Rien de plus étrange que l’espèce de mystère que les Majorquins semblaient vouloir se faire les uns aux autres des évènemens qui bouleversaient alors la face de l’Espagne. Personne n’en parlait, si ce n’est en famille et à voix basse. Dans un pays où il n’y a vraiment ni méchanceté, ni tyrannie, il est inconcevable de voir régner une méfiance aussi ombrageuse. Je n’ai rien vu de si plaisant que les articles du journal de Palma, et j’ai toujours regretté de n’en avoir pas emporté quelques numéros pour échantillons de la polémique majorquine. Mais voici, sans exagération, la forme dans laquelle, après avoir rendu compte des faits, on en commentait le sens et l’authenticité : « Quelque prouvés que puissent paraître ces évènemens aux yeux des personnes disposées à les accueillir, nous ne saurions trop recommander à nos lecteurs d’en attendre la suite avant de les juger. Les réflexions qui se présentent à l’esprit en présence de pareils faits demandent à être mûries, dans l’attente d’une certitude que nous ne voulons pas révoquer en doute, mais que nous ne prendrons pas sur nous de hâter par d’imprudentes assertions. Les destinées de l’Espagne sont enveloppées d’un voile qui ne tardera pas à être soulevé, mais auquel nul ne doit porter avant le temps une main imprudente. Nous nous abstiendrons jusque-là d’émettre notre opinion, et nous conseillerons à tous les esprits sages de ne point se prononcer sur les actes des divers partis, avant d’avoir vu la situation se dessiner plus nettement, etc. »

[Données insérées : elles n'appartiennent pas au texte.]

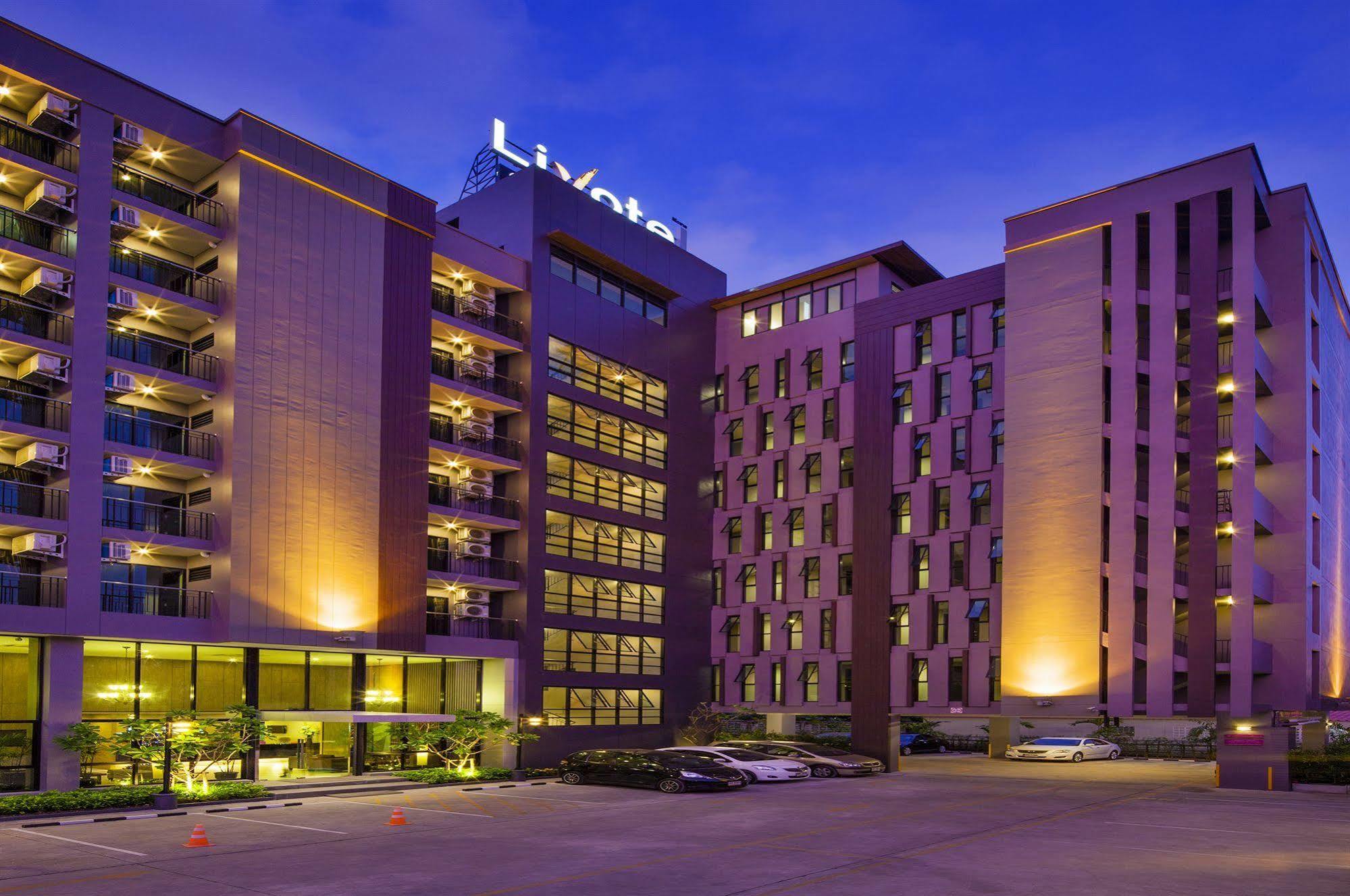 Livotel Hotel Lat Phrao Bangkok Exterior foto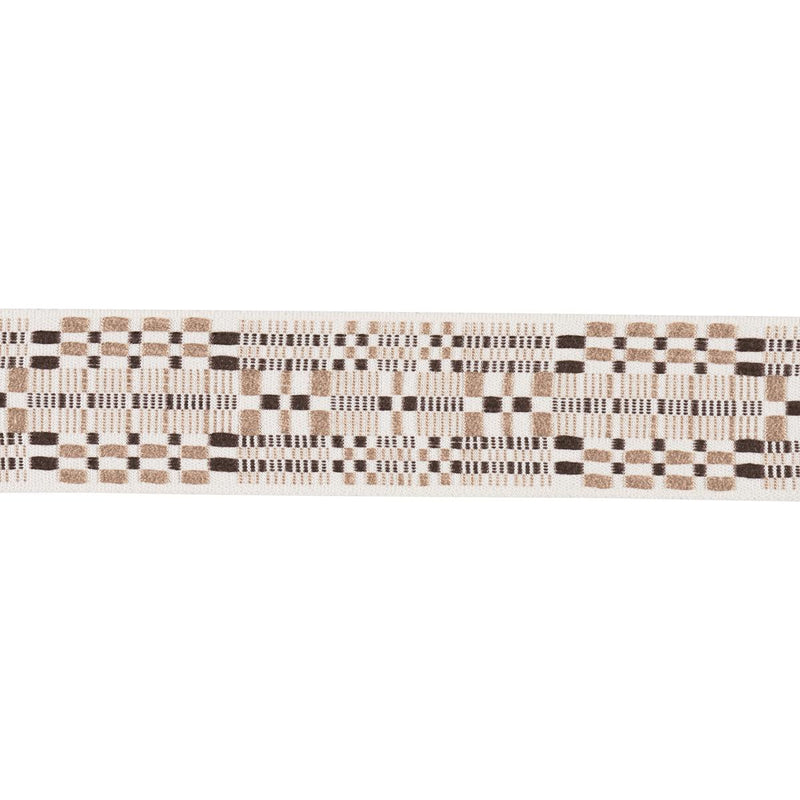 SCHUMACHER BRIMFIELD TAPE FAWN TRIM | Atlanta Fabrics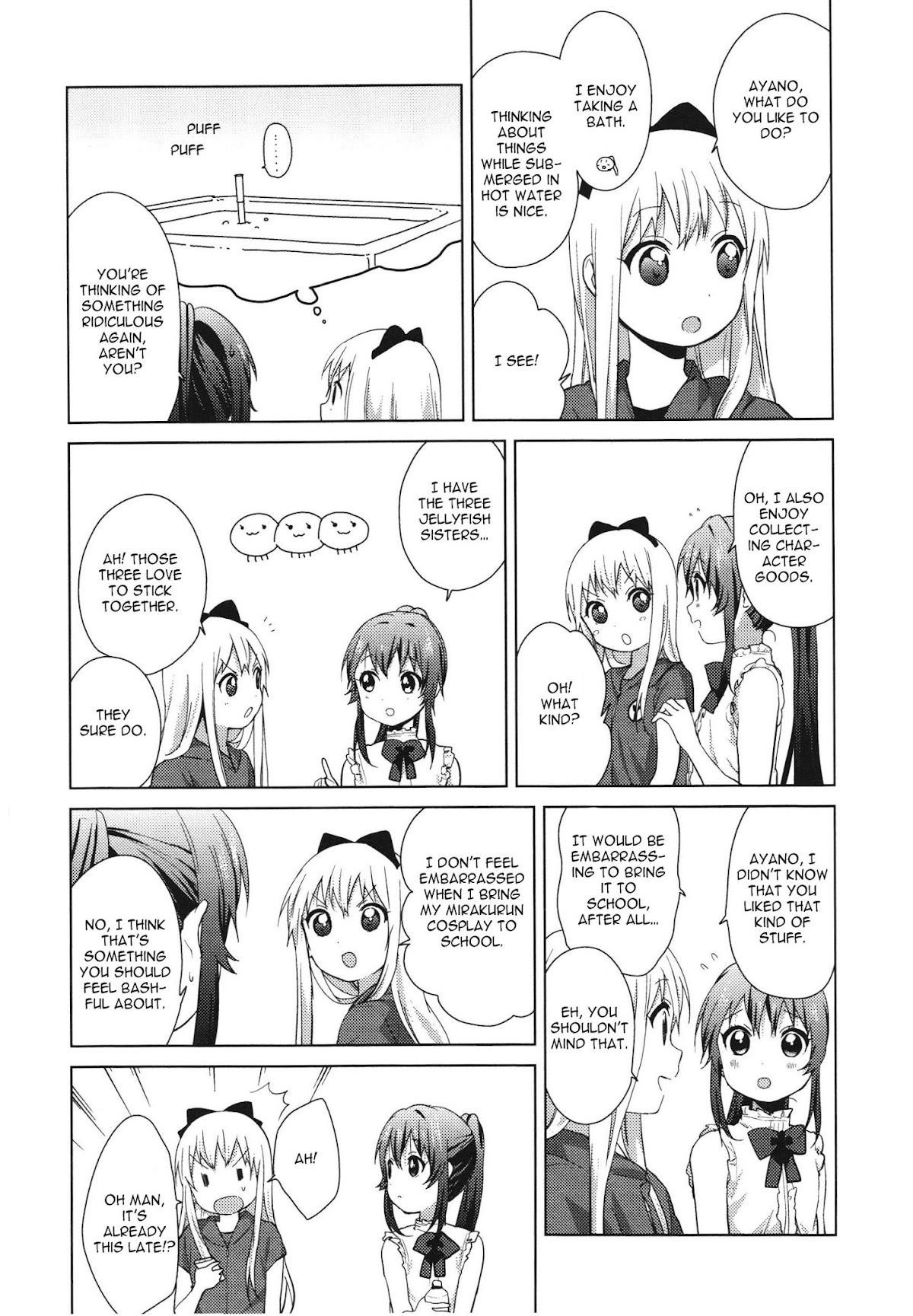 Yuru Yuri Chapter 61.4 - Page 10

La prudence et la réserve sont, de l’aveu même des Majorquins, la tendance dominante de leur caractère. Les paysans ne vous rencontrent jamais dans la campagne sans échanger avec vous un salut ; mais, si vous leur adressez une parole de plus sans être connu d’eux, ils se gardent bien de vous répondre, quand même vous parleriez leur patois. Il suffit que vous ayez un air étranger pour qu’ils vous craignent et se détournent du chemin pour vous éviter.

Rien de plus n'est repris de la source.